*** Records for the task
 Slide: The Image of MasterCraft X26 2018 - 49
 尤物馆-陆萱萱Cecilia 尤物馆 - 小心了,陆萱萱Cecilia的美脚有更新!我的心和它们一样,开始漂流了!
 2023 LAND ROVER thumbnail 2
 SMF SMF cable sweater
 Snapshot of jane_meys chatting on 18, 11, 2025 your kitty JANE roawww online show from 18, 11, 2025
******
*** Records for the task
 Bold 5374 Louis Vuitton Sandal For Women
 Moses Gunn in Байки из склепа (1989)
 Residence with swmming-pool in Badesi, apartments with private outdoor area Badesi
******
**Problem to solve**:
Quote the data above from the line containing "SMF SMF cable sweater" to the line containing "Snapshot of jane_meys", inclusive, and stop.

**Exercise result**:
 SMF SMF cable sweater
 Snapshot of jane_meys chatting on 18, 11, 2025 your kitty JANE roawww online show from 18, 11, 2025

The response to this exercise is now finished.